For a quick check, I checked in at Baseball Reference to get the National League’s team-level statistics for the last 5 years, then correlated BABIP to runs allowed by the team. That correlation is .741 – that’s a pretty strong correlation. Similarly, the correlation between BABIP and team wins was about -.549. It’s a weaker and negative correlation, which is expected – negative because an added point of opposing team BABIP would mean more balls in play were falling in as hits, and weaker because it ignores the team’s offensive production entirely.

If BABIP accurately describes a team’s defensive power, then a statistical model that models team runs allowed as a function of fielding-independent pitching and pitching-independent fielding should explain a large proportion, but not all, of the runs allowed by a team, and thereby explain a significant but smaller proportion of the team’s wins.

I crunched two models to test this, each with the same functional form: Dependent Variable = a + b*FIP + c*BABIP. With Runs as the dependent variable, the R2 of the model was .8625; with Wins as the dependent variable, the R2 was .5246. Since R2 roughly describes the percent of variation explained by the model, this makes a lot of sense.

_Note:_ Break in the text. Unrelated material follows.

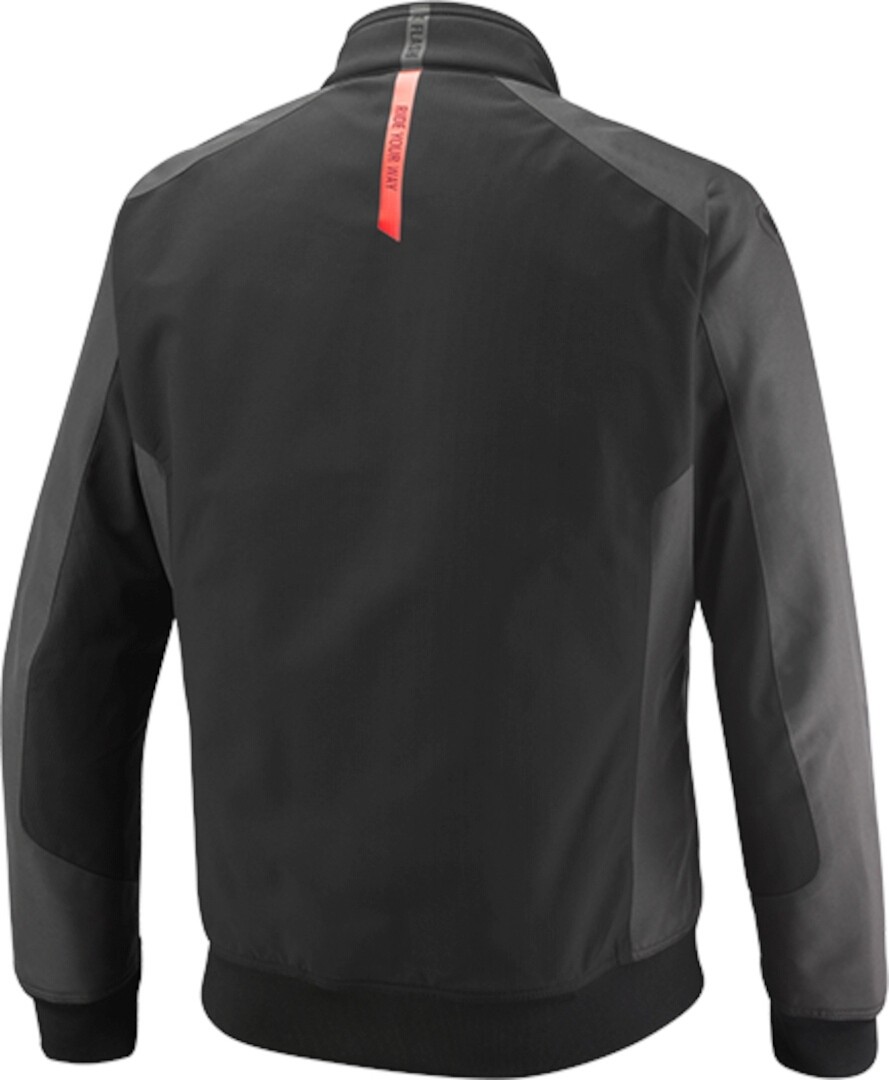 Ixon Siwa Schwarz Anthrazit Leuchtrot Wasserdichte Motorrad Textiljacke Größe M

In the Runs model, about 14% of runs come due to something other than home runs, walks, or hits, such as baserunning and errors; in the Wins model, about 47% of team wins are explained by something other than defense and pitching. (Say…. offense? That’s crazy.) In both models, the coefficients are statistically significant at the 99% level.

BABIP’s coefficient in the Runs model is 3444.44, which means that a batting average on balls in play of 1.000 would lead to about 3444 runs scored over a season; more realistically, if BABIP increases by .01, that would translate to about 34 runs per season. Its coefficient in the Wins model is -328.757, meaning that an increase of .01 in BABIP corresponds to about 3.29 extra losses. That’s surprisingly close to the 10 runs-1 win ratio that Bill James uses as a rule of thumb.

Since the correlations were strong, this bears a closer look at game-level rather than simply team-level data.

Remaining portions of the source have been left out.